Friday, January 28, 2011

25 or 8 years later: an aniversary reminiscence of 44 years of NASA disasters

For my mom it's the Kennedy assassination. She knows exactly what she was doing and where she was when it happened. She even more vividly remembers watching Lee Harvey Oswald being shot on live TV a few days later.

Before September 11, for me, the moment was January 28, 1986: I'm a freshman in college. I'm bored, I've been listening to the radio on which I've just heard the Talking Heads' "And She Was" before the announcer starts talking about the upcoming launch of the Space Shuttle. Being bored I decide I need to go off to the Campus Center and buy a paper to read. My choices would probably have been either The NY Times or The Village Voice. However between the time I flick the radio off, put on my coat and leave my suite everything changed. By the time I walked out into the hallway, a minute or so, everyone on my dorm floor was running around looking for who owned a TV.
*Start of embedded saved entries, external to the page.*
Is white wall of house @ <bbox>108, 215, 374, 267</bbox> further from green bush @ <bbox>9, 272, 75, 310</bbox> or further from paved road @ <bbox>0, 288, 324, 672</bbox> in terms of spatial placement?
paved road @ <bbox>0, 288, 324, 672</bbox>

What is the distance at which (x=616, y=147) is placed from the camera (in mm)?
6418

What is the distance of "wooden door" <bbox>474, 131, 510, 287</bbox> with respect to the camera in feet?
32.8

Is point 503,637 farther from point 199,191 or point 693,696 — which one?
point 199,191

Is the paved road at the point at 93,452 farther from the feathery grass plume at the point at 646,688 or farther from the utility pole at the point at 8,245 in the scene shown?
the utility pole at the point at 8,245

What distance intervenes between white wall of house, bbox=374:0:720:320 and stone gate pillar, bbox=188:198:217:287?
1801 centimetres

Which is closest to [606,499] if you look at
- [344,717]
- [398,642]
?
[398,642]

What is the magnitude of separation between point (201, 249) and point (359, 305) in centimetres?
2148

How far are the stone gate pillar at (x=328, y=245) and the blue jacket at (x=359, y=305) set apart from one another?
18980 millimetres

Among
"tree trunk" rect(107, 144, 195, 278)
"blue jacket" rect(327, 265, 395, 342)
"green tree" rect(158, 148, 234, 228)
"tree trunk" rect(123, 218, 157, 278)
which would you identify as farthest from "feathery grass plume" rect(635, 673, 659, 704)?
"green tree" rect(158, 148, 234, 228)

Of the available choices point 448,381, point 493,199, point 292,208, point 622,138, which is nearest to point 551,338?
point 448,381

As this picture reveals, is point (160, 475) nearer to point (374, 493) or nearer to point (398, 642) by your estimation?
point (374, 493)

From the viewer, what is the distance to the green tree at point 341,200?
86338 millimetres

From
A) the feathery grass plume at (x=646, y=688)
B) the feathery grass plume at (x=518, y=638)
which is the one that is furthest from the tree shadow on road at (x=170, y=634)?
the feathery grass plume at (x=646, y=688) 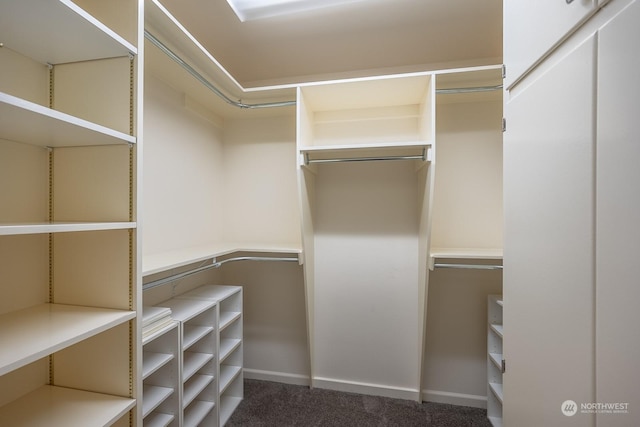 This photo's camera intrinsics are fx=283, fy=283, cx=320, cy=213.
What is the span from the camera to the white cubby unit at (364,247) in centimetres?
217

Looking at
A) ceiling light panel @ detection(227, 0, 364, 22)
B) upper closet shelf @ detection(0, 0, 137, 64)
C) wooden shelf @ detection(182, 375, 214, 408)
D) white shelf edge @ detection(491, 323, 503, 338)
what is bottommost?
wooden shelf @ detection(182, 375, 214, 408)

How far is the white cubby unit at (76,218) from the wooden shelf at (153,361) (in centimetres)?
23

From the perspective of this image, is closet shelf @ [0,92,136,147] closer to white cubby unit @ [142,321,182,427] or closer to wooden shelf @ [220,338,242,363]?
white cubby unit @ [142,321,182,427]

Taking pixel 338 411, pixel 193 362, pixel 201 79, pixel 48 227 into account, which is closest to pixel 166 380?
pixel 193 362

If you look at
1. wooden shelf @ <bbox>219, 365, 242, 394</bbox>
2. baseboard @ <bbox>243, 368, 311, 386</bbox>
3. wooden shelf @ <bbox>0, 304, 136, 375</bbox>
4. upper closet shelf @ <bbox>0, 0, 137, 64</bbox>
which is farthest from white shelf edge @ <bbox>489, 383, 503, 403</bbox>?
upper closet shelf @ <bbox>0, 0, 137, 64</bbox>

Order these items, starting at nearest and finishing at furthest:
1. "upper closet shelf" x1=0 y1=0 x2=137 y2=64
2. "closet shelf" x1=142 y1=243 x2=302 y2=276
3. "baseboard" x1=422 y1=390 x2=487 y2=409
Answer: "upper closet shelf" x1=0 y1=0 x2=137 y2=64, "closet shelf" x1=142 y1=243 x2=302 y2=276, "baseboard" x1=422 y1=390 x2=487 y2=409

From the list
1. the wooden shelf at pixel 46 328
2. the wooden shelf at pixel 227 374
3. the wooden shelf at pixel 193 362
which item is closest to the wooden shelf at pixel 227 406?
the wooden shelf at pixel 227 374

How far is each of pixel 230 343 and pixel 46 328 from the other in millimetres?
1320

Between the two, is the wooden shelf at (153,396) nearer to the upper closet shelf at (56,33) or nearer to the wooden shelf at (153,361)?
the wooden shelf at (153,361)

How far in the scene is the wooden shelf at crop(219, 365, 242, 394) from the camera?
1943 mm

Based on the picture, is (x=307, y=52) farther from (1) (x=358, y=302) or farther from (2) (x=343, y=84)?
(1) (x=358, y=302)

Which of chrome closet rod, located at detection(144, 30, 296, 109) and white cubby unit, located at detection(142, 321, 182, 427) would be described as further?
white cubby unit, located at detection(142, 321, 182, 427)

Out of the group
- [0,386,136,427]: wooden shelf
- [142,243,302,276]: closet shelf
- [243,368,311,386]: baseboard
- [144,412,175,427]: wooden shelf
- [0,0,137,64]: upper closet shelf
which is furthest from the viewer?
[243,368,311,386]: baseboard

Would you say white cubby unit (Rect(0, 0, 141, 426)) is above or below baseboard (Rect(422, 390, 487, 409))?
above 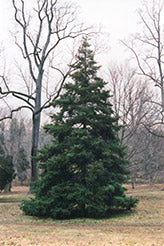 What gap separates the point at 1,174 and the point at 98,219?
41.1 feet

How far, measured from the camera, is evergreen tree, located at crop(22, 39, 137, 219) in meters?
10.5

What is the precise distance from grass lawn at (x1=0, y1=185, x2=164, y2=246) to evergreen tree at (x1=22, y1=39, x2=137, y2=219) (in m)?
A: 0.61

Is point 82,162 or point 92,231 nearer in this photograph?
point 92,231

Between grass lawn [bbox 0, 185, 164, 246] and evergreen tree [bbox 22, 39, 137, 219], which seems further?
evergreen tree [bbox 22, 39, 137, 219]

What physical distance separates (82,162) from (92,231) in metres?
3.51

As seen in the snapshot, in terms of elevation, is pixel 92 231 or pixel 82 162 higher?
pixel 82 162

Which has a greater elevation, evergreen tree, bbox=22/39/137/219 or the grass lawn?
evergreen tree, bbox=22/39/137/219

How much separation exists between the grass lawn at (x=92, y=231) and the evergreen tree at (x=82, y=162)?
61 cm

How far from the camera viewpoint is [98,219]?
10297 mm

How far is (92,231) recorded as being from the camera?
800cm

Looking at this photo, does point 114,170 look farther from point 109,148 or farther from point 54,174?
point 54,174

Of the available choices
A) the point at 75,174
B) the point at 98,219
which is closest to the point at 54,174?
the point at 75,174

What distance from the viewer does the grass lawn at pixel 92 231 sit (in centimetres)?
645

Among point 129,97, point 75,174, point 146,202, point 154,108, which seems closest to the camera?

We crowded into the one room with a tiny TV and watched as Dan Rather, the man who replaced Walter Cronkite, tried to fill that man's shoes. He was not successful. Playing around with a plastic model of the shuttle he was more of a hindrance to us getting the information we wanted than anything else. Still there it was, the shuttle with it's two smoke trails, one from a booster rocket careening off from main tank, blowing up with all it's crew on board. We were in shock.

Theoretically I knew that space travel was dangerous. I vaguely knew about Apollo 1 and Apollo 13 but had been two young when these events had happened to have them really register. Apollo 1 was the posthumously named Apollo mission that burned up on the launch pad 19 years and one day before the Challenger disaster, killing it's crew. I was a week shy of being 4 months old. Apollo 13 happened four years later in April of 1970. Being a three year old I watched Popeye cartoons and Captain Kangaroo instead. In 1986 I was an adult... well a late teenager who would about nine months later enter his twenties. It hit me like a lead weight to the solar plexus.
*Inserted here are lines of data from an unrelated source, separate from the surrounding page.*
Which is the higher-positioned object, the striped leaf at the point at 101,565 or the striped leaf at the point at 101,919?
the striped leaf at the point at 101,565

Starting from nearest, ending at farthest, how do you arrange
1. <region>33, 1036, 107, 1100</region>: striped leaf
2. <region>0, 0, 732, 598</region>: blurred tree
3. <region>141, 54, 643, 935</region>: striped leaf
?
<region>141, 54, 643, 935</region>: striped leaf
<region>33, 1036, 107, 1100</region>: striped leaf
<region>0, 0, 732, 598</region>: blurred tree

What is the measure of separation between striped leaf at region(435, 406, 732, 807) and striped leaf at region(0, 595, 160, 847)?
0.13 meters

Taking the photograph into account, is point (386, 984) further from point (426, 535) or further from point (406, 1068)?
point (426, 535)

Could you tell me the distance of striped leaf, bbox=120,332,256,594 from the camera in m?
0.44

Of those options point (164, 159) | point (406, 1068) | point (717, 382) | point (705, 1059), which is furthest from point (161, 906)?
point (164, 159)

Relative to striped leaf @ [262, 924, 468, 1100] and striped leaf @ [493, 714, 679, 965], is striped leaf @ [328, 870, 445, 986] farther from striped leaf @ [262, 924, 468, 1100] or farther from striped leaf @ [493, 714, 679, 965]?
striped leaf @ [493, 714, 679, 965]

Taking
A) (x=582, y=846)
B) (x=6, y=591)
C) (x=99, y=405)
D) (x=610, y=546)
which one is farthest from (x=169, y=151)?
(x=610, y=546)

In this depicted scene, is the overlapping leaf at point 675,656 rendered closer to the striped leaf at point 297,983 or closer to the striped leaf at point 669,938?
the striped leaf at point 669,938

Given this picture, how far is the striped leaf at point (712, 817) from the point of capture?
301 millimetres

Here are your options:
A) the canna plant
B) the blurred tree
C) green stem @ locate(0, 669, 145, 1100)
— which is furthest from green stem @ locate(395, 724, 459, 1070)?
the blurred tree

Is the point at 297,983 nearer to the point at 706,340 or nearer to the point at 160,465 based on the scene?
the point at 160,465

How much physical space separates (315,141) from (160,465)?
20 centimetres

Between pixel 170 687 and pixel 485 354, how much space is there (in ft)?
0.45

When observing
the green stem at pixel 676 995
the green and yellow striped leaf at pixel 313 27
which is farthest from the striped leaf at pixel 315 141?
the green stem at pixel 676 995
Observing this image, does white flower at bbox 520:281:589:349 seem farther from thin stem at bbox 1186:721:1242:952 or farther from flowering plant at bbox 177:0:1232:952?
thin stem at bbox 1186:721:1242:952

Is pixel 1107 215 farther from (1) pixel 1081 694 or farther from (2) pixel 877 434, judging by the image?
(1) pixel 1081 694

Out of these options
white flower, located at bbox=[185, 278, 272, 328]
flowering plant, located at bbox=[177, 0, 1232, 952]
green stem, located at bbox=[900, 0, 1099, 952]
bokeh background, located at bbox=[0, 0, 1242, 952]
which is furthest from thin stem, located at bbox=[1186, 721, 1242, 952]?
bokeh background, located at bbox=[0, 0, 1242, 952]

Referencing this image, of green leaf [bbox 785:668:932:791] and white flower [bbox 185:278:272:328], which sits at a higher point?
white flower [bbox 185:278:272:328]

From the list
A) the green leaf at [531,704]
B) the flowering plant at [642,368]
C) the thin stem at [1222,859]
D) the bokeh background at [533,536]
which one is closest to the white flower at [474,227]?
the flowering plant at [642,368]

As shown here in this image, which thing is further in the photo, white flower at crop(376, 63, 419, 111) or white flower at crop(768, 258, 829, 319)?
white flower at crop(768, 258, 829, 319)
To come there would be investigations and Richard Feynman's star turn on the investigation committee where he would expose the rubber O rings and bureaucratic ineptitude as being the culprits behind the disaster. But the communal shock of that moment of national tragedy has stayed with me.

It was with me in February 2003, after a couple days of remembrances of the Challenger disaster. I was back in school, studying computer science this time and had taken a part time job as a supermarket cashier. I can still remember when a customer told me that the Space Shuttle Columbia had just been destroyed. I told him he'd mis-heard, that it was the anniversary of the Challenger disaster, that he couldn't be right. He insisted he was. After watching a few moments of CNN in the store's food court I took my lunch break in my car listening to the NPR coverage.
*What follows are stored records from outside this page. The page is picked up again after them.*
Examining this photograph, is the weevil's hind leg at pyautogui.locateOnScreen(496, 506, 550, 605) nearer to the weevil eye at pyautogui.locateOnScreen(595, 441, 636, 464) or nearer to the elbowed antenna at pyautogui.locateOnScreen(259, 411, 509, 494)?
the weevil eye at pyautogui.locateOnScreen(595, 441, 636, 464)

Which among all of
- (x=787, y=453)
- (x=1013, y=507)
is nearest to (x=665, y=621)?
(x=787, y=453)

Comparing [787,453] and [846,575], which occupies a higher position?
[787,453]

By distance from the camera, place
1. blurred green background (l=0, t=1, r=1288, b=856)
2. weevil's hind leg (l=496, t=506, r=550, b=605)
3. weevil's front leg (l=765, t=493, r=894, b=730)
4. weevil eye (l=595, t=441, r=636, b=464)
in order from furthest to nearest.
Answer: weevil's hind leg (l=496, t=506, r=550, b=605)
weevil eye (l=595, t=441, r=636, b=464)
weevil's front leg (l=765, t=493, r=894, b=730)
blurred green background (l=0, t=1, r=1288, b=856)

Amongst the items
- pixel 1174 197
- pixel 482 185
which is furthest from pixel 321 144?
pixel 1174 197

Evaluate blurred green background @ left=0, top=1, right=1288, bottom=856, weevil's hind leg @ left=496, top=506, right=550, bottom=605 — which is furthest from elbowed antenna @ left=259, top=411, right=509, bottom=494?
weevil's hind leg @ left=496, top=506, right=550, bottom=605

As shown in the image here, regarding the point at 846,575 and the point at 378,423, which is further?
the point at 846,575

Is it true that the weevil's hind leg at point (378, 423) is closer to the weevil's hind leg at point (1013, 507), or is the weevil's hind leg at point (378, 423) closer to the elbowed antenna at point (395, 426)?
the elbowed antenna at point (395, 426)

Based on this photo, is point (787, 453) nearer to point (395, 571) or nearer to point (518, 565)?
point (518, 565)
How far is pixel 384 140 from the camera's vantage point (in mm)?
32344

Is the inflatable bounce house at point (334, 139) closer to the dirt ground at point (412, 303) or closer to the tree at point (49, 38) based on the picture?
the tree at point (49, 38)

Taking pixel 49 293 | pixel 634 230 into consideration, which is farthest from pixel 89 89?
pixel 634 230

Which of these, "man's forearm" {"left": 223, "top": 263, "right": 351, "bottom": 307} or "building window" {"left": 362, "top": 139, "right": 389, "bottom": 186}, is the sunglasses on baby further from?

In the days that came it would seem to be eerily like a civil war reenactment gone wrong. One in which actual bullets have been loaded in with the gunpowder and the deaths are real. So was the realization that no one had learned any lessons from the last time. Which really should have come as no surprise since the same management problems had existed in the 67 launch pad fire. For a short time everyone's adrenaline was up and details were payed attention to. They landed a man on the moon. They did it a few more times and then inertia set in. The shuttle program itself was designed during this time of inertia that only got worse as time went on. For most of the decade following the Apollo 11 moon landing there would be less memorable missions in space. This is reflected in the concept of the shuttles themselves as 'space trucks'. The Apollo mission got it's public presence decreed by John F. Kennedy who made it a priority to land an American astronaut on the moon. A mission that was followed up by both Johnson and Nixon. The Shuttle program was announced to the nation by test launching the first one off of a converted Boeing 747 (there were two of these 747s used to transport the shuttles between alternate landing locations and Cape Canaveral in Florida.) At one point in time space travel seemed to be one of our greatest and strangest ambitions, an event experienced as a species. It had been turned into the mundane and commonplace in just a few years of it's greatest success. While everyone can tell you what the Apollo missions were about very few people remember or care why the space shuttles even flew.